Britain's daily "The Times" wrote on 6 July that, "the likelihood of an attack by the United States against Iraq increased...after the United Nations negotiations with Iraq failed." The paper also called the doubts surrounding whether Annan will participate in further rounds of talks a "clear sign that diplomatic efforts are unlikely to break the four-year deadlock with Iraq."

The sense that Washington will opt for a military solution was also heightened last week by the U.S. daily "The New York Times," which published a classified government document outlining how a combined air, land, and sea force might attack Iraq to overthrow the Baghdad regime. The document, prepared by the U.S. military's Central Command in Tampa, Florida, is reported to be a plan prepared some two months ago.

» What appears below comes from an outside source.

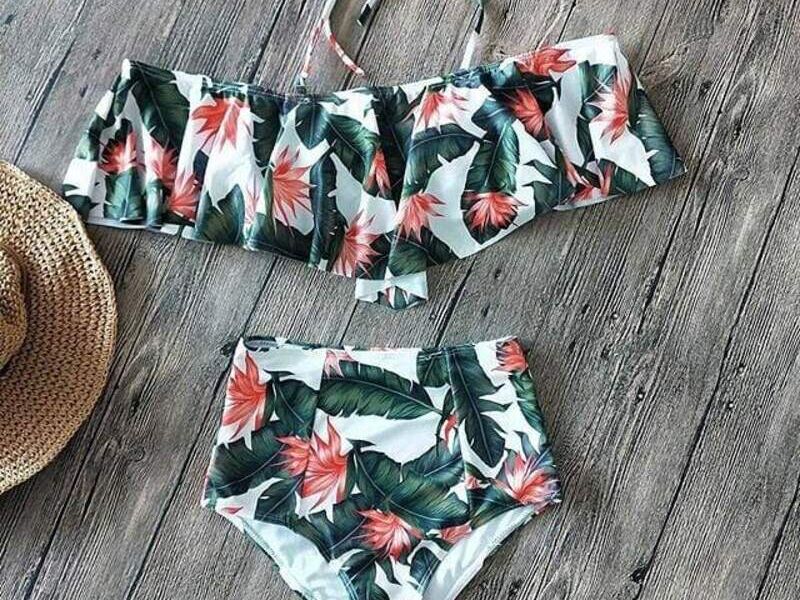 Traje de baño de dos piezas en verde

"The New York Times" cited the document as saying some 250,000 U.S. troops would invade Iraq, probably from Kuwait. Hundreds of warplanes based in as many as eight countries, including Turkey and Qatar, would attack thousands of targets. However, officials told the paper privately that none of the countries identified in the document has been formally consulted about taking part in such operations, indicating the preliminary nature of the attack planning.

Following "The New York Times" story, several U.S. officials told reporters that the plan does not mean that any attack on Iraq is imminent. White House spokesman Ari Fleischer said "the Pentagon engages in contingency planning of all types around the world." Pentagon spokeswoman Victoria Clarke said that, "it is the responsibility of the Department of Defense to develop contingency plans and, from time to time, to update them."

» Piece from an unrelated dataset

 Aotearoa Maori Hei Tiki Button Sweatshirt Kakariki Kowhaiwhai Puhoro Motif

Iraq has responded to the reports of U.S. military planning by saying that any attack would only strengthen the position of Saddam Hussein. Iraqi Deputy Prime Minister Tariq Aziz said on a visit to South Africa over the weekend that: "whoever in the Arab world and in the Third World fights the Americans will become stronger in the eyes of his people, so no other leadership is going to come to Iraq. We will continue leading Iraq."

With talk of war mounting after the failed UN-Iraq talks in Vienna, some observers say that the prospect of Baghdad's readmitting arms inspectors is only likely to decrease in the months ahead. Baghdad has previously accused arms inspectors of spying for Washington and may balk at bringing in any new teams of foreign inspectors prior to a U.S. military campaign.

However, other observers say that the months ahead may yet see a last-minute agreement by Iraq to accept renewed inspections precisely to stave off just such an attack. Reuters quoted unidentified UN officials as saying over the weekend that Iraq may try to drag out diplomatic maneuvering, offering progress on some issues but not striking a deal on readmitting arms inspectors until an attack looks impossible to avoid otherwise.

In one example of progress on issues not directly related to arms inspections, Iraqi officials said during the Vienna talks that they have completed arrangements for turning over six truckloads of state papers taken from Kuwait during Iraq's occupation of the country. The Iraqi invasion of Kuwait in 1990 prompted the UN to slap sanctions on Baghdad and led to a U.S.-led international coalition driving out the Iraqi forces in the 1991 Gulf War.